1132- slips under shingles? shakes?, hooks around the nail, and you pull down on/hammer on the handle to cut the nail, allowing you to remove a course from the middle of a roof/wall, without taking down the courses above.

Dave

Reply to
spamTHISbrp

#1129 Honing Guide for handplane blades. #1130 Optometry? #1135 Slide Rule?

Reply to
Scott Lurndal

It's not for shingles, but you've got the right general idea.

Rob

Reply to
R.H.

unfamiliar devices this time around.

1129 - It's plain that this is a caster designed to clamp onto something flat, probably a chunk of metal bar stock or a tongue projecting from something. The caster has rolled a good little bit, from its appearance, so it's probably not for use on furniture that gets moved only seldom.

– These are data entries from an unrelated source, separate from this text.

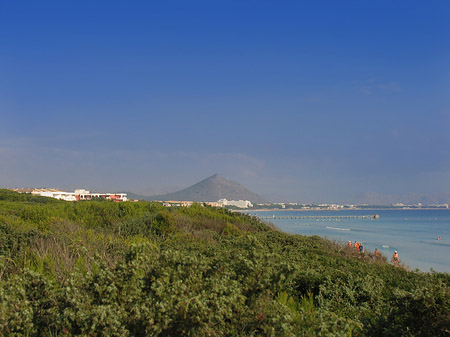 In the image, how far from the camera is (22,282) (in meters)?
3.97

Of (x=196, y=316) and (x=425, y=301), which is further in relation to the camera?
(x=425, y=301)

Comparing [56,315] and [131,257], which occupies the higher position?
[131,257]

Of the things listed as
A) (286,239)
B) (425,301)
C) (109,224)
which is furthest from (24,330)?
(109,224)

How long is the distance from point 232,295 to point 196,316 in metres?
0.45

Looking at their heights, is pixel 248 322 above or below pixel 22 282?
below

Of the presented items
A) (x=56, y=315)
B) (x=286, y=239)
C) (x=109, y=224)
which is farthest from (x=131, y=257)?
(x=109, y=224)

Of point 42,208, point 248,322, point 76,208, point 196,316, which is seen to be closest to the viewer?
point 196,316

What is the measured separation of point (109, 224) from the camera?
55.6 ft

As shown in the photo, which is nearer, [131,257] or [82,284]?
[82,284]

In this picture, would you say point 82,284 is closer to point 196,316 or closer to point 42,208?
point 196,316

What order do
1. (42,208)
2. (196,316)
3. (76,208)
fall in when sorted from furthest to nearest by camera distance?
(76,208) < (42,208) < (196,316)

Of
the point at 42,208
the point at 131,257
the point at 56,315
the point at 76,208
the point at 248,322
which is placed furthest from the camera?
the point at 76,208

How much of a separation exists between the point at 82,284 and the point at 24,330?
606 mm

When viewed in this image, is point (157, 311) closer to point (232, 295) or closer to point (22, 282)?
point (232, 295) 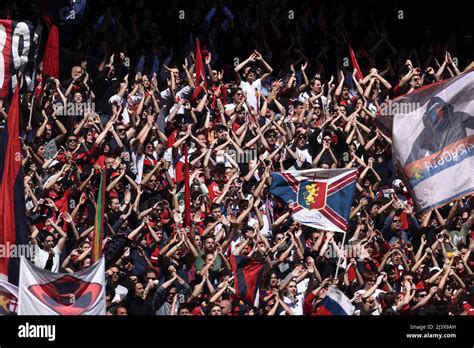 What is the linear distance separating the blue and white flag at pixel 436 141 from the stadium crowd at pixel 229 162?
1.10 metres

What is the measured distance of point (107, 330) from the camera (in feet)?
46.9

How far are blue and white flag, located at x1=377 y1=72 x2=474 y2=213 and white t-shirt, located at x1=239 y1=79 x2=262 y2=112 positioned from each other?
9.04 ft

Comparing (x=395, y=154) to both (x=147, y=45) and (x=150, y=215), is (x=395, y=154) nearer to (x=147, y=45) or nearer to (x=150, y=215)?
(x=150, y=215)

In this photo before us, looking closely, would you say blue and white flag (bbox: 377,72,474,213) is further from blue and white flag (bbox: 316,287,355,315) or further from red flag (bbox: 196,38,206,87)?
red flag (bbox: 196,38,206,87)

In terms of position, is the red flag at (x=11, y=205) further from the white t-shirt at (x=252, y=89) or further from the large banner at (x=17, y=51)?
the white t-shirt at (x=252, y=89)

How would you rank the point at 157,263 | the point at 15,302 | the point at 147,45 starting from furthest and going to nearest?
1. the point at 147,45
2. the point at 157,263
3. the point at 15,302

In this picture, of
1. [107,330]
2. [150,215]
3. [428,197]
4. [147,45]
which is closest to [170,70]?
[147,45]

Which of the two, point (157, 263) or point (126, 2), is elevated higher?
point (126, 2)

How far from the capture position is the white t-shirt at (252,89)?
2138 cm

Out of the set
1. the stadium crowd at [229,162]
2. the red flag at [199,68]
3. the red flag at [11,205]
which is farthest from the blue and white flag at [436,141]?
Result: the red flag at [11,205]

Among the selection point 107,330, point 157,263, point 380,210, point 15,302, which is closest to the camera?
point 107,330

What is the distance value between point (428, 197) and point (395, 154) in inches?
25.1

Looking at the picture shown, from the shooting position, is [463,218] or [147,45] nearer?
[463,218]

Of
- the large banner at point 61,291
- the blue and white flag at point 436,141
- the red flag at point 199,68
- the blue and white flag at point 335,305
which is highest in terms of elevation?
the red flag at point 199,68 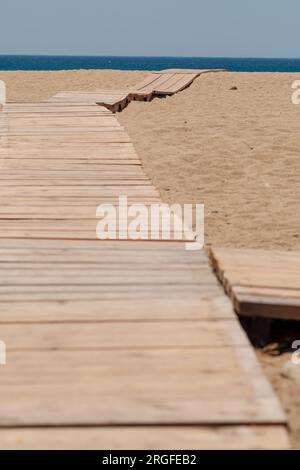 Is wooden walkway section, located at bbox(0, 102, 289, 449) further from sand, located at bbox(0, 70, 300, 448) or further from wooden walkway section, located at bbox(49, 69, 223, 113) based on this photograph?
wooden walkway section, located at bbox(49, 69, 223, 113)

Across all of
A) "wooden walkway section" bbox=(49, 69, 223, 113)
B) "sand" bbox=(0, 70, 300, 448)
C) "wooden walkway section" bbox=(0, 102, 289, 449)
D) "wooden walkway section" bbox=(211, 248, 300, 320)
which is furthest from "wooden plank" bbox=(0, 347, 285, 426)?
"wooden walkway section" bbox=(49, 69, 223, 113)

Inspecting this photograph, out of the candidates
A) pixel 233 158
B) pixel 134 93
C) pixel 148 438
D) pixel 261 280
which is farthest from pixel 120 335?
pixel 134 93

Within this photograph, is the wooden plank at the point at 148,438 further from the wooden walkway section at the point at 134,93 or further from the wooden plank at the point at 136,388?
the wooden walkway section at the point at 134,93

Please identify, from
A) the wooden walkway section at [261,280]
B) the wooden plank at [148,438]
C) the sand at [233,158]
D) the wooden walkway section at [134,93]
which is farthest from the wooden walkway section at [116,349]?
the wooden walkway section at [134,93]

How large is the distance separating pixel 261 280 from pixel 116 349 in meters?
1.15

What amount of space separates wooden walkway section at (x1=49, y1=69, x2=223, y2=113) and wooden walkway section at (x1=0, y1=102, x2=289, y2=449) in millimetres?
7317

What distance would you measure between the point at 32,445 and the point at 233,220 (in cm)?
361

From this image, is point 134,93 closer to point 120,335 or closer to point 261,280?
point 261,280

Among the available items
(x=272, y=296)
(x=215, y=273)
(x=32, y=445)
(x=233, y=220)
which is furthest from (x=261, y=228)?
(x=32, y=445)

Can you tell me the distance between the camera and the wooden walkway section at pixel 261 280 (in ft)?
10.3

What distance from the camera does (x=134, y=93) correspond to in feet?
42.3

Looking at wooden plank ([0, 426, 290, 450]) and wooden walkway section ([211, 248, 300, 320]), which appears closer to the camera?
wooden plank ([0, 426, 290, 450])

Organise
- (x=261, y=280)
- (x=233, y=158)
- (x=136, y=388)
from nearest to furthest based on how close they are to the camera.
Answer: (x=136, y=388) < (x=261, y=280) < (x=233, y=158)

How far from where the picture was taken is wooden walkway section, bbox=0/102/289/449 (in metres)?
2.07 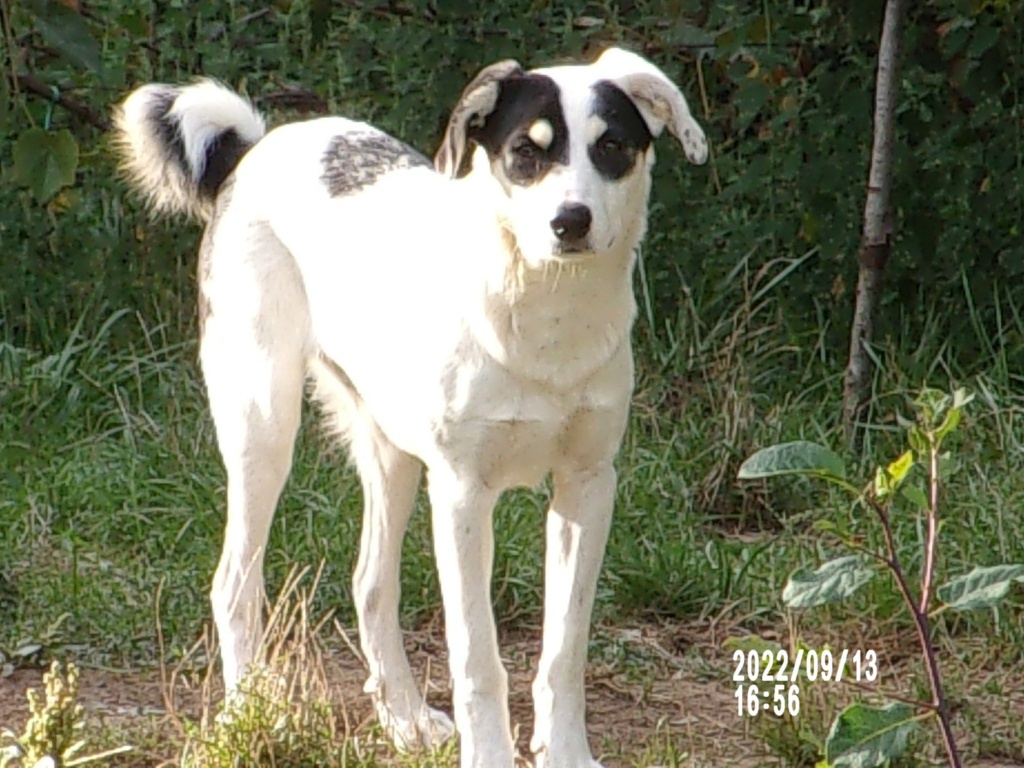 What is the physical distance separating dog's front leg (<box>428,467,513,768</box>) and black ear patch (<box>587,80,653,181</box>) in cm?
60

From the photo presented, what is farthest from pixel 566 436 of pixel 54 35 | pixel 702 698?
pixel 54 35

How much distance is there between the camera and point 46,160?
13.4 ft

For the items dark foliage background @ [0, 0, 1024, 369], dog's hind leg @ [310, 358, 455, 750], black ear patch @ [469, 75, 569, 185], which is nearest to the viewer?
black ear patch @ [469, 75, 569, 185]

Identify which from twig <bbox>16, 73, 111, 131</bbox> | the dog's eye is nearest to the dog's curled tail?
twig <bbox>16, 73, 111, 131</bbox>

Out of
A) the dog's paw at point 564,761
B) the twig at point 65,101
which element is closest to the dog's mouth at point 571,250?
the dog's paw at point 564,761

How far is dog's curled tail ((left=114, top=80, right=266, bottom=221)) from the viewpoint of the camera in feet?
15.4

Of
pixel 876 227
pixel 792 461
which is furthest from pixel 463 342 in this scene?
pixel 876 227

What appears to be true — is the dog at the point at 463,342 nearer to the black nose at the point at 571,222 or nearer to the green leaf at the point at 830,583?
the black nose at the point at 571,222

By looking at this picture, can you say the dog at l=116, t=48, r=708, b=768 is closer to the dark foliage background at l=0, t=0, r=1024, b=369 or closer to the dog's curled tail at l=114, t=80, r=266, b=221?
the dog's curled tail at l=114, t=80, r=266, b=221

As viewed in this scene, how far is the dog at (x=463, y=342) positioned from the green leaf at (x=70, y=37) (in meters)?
0.55

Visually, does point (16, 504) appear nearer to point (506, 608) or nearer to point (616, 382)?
point (506, 608)

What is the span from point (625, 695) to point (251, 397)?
983mm

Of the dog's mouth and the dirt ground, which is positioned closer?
the dog's mouth

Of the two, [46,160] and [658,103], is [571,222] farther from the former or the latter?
[46,160] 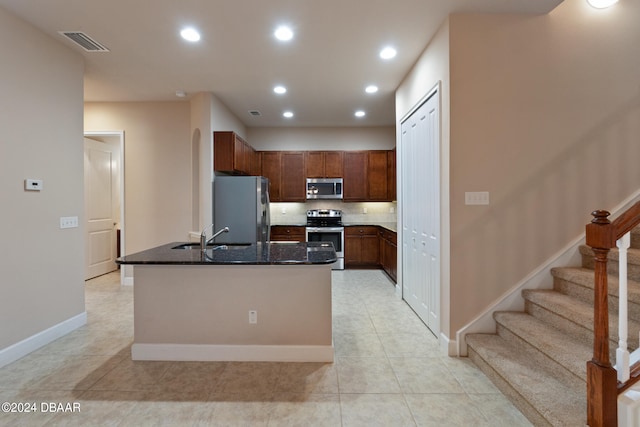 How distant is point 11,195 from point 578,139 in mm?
4701

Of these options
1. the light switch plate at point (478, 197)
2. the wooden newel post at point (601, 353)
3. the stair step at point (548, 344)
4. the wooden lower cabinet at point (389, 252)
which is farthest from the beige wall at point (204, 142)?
the wooden newel post at point (601, 353)

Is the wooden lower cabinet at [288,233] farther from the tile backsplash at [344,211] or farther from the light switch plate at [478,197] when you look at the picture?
the light switch plate at [478,197]

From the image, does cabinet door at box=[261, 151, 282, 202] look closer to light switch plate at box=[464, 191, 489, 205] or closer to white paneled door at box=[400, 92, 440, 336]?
white paneled door at box=[400, 92, 440, 336]

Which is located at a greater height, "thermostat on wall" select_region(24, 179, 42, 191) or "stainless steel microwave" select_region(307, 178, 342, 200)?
"stainless steel microwave" select_region(307, 178, 342, 200)

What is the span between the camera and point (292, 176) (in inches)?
250

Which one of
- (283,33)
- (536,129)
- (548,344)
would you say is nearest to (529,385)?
(548,344)

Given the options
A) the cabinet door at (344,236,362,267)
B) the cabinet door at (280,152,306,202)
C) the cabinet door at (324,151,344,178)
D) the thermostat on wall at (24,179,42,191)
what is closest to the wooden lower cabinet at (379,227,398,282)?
the cabinet door at (344,236,362,267)

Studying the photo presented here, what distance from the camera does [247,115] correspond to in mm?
5656

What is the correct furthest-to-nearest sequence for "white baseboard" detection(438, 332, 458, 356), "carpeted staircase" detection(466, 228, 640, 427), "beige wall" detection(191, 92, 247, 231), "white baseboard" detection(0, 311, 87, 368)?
"beige wall" detection(191, 92, 247, 231) → "white baseboard" detection(438, 332, 458, 356) → "white baseboard" detection(0, 311, 87, 368) → "carpeted staircase" detection(466, 228, 640, 427)

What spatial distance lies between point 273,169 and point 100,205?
10.4ft

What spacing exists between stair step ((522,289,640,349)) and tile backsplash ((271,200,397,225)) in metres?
4.05

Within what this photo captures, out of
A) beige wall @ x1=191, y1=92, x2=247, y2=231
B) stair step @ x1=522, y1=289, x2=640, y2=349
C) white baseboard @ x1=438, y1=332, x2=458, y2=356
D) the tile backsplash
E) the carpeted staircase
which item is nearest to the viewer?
the carpeted staircase

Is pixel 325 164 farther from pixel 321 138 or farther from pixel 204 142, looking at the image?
pixel 204 142

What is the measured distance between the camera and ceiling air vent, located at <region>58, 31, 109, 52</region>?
9.62ft
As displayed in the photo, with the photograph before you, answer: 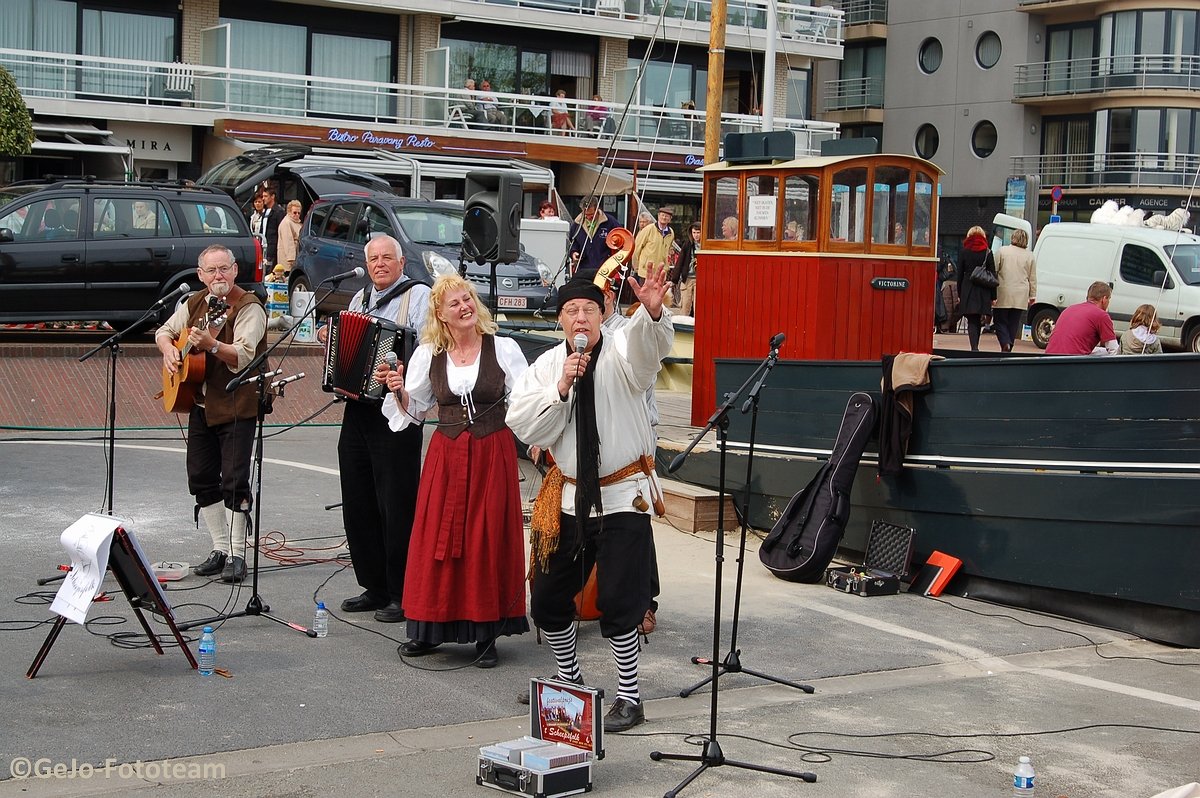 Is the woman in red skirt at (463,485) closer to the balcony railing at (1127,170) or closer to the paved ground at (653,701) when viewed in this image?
the paved ground at (653,701)

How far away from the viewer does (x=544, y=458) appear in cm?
730

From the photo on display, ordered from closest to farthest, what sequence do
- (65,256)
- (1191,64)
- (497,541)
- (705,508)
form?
(497,541) → (705,508) → (65,256) → (1191,64)

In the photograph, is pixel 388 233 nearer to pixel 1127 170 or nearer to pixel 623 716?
pixel 623 716

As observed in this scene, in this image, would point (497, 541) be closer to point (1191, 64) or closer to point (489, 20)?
point (489, 20)

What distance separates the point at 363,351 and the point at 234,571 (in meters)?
1.94

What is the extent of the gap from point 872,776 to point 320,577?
433cm

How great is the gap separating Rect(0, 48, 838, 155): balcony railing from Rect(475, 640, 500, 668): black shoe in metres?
23.8

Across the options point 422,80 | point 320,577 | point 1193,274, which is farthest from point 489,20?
point 320,577

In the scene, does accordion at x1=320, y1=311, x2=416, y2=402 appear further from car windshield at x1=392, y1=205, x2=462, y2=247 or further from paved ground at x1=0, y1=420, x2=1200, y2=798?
car windshield at x1=392, y1=205, x2=462, y2=247

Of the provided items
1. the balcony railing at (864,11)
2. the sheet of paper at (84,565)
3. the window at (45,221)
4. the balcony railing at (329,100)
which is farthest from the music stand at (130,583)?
the balcony railing at (864,11)

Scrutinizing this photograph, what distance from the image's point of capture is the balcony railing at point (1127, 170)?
41.8 metres

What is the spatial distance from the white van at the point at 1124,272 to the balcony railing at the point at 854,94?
1020 inches

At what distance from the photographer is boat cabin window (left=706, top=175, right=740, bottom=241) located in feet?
37.6

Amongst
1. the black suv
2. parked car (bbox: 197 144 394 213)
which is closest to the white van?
parked car (bbox: 197 144 394 213) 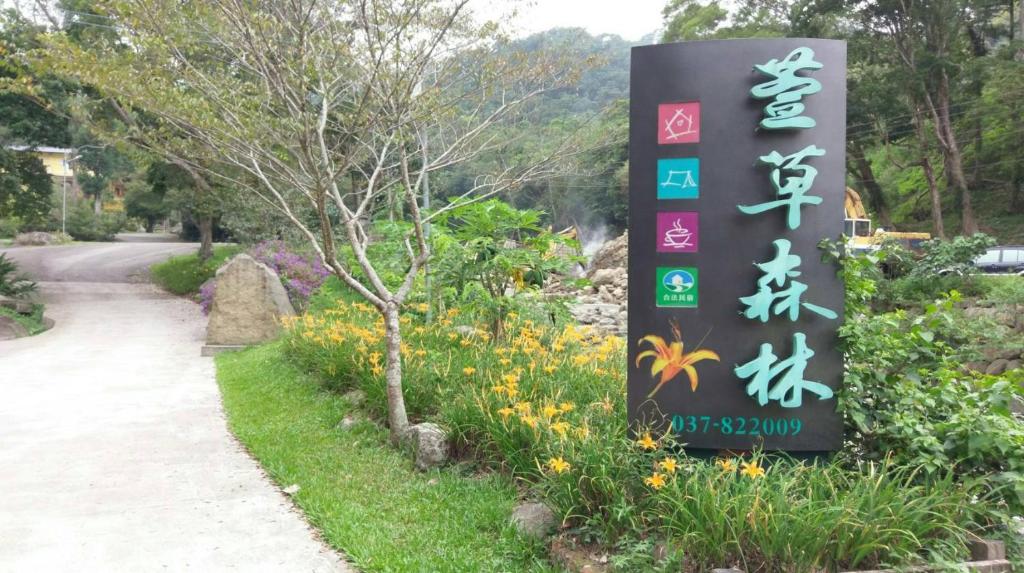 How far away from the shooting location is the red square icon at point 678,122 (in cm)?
385

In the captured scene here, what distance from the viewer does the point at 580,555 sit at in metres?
3.49

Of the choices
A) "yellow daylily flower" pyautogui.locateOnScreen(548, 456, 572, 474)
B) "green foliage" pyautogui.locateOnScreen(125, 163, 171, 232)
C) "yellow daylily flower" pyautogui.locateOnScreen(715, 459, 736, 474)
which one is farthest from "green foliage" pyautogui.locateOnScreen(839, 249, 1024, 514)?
"green foliage" pyautogui.locateOnScreen(125, 163, 171, 232)

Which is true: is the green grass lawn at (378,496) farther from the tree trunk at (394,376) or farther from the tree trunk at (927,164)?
the tree trunk at (927,164)

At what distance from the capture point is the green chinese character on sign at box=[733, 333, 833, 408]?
3752 millimetres

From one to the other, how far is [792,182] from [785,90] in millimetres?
463

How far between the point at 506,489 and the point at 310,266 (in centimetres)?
1032

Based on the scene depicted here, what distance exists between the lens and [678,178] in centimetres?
385

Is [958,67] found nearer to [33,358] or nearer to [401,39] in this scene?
[401,39]

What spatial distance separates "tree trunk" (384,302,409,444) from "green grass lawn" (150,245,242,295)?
13.8 m

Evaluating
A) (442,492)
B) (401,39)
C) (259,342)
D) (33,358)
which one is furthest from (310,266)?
(442,492)

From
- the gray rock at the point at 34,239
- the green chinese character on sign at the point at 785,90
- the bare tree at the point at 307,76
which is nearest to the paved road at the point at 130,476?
the bare tree at the point at 307,76

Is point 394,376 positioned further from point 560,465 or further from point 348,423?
point 560,465

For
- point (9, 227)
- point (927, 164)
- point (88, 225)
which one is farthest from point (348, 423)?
point (88, 225)

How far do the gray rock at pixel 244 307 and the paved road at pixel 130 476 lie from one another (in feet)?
1.86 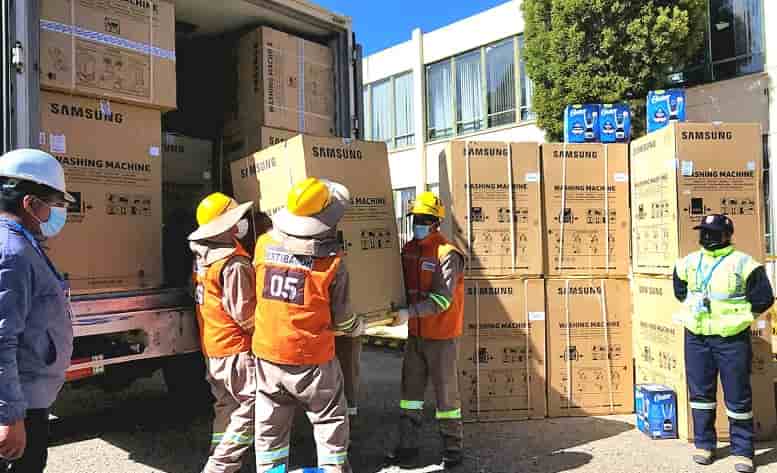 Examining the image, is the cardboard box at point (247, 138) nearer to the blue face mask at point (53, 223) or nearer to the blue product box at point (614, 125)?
the blue face mask at point (53, 223)

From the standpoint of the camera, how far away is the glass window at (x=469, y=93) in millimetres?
14398

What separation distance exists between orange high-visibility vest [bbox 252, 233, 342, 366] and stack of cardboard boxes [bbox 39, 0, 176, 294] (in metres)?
1.07

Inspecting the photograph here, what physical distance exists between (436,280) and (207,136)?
2.27 metres

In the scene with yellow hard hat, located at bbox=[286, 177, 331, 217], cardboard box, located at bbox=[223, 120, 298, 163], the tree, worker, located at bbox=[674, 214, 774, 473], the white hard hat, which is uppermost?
the tree

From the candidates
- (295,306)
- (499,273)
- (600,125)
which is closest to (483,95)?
(600,125)

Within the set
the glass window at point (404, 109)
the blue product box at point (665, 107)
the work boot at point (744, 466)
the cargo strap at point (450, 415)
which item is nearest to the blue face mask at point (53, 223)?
the cargo strap at point (450, 415)

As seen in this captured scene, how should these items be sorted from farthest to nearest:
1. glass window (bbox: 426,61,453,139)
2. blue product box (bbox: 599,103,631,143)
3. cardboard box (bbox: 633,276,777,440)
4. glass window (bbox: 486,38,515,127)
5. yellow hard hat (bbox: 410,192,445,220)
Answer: glass window (bbox: 426,61,453,139) < glass window (bbox: 486,38,515,127) < blue product box (bbox: 599,103,631,143) < cardboard box (bbox: 633,276,777,440) < yellow hard hat (bbox: 410,192,445,220)

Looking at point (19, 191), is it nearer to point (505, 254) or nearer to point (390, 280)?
point (390, 280)

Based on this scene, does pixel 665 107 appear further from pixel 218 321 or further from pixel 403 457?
pixel 218 321

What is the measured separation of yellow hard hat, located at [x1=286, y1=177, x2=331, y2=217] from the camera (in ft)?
10.5

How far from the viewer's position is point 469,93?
48.2ft

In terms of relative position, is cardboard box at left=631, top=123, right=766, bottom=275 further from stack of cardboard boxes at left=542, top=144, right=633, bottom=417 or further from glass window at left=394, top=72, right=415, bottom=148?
glass window at left=394, top=72, right=415, bottom=148

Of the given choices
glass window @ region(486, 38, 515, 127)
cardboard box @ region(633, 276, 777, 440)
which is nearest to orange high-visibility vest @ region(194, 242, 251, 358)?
cardboard box @ region(633, 276, 777, 440)

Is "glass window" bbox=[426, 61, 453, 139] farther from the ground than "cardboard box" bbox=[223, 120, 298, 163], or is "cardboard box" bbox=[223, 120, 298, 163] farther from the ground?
"glass window" bbox=[426, 61, 453, 139] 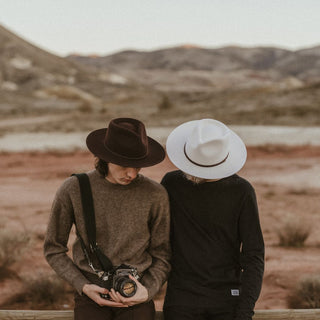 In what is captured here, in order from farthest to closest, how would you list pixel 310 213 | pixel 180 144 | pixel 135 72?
pixel 135 72 → pixel 310 213 → pixel 180 144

Perhaps this is a part of a sliding door or window? Perhaps some sort of piano moving appurtenance? Perhaps an infeed or outfeed roller for some machine tool? 1130 - I'm guessing this optical instrument is somehow used to determine prescriptions for eyeglasses, perhaps in a "self-service" sort of mode, allowing the user to determine the correct script themselves. It could also be some scientific instrument to determine e.g. the relative brightness of a luminous object (or its absolute brightness, if related to a known standard). 1131 - I assume the single tang on the far end gets secured into a handle of some sort. If chucked in a brace, it could be used to stir paint or other liquids. 1132 - I suspect this is a tool for repairing shingle (or possibly slate) roofs; the small V-notches are seemingly to cut off nails, and the chisel end probably to trim the shakes, shingles, or slates to proper size. 1133 - This appears to be a stand to support three somethings; possibly trash or recycling receptacles. 1134 - This looks as thought it could be used as a very poor cherry pitter, but I suspect that's not the intent. Maybe it's a device to trim, install, or remove round electrical insulators.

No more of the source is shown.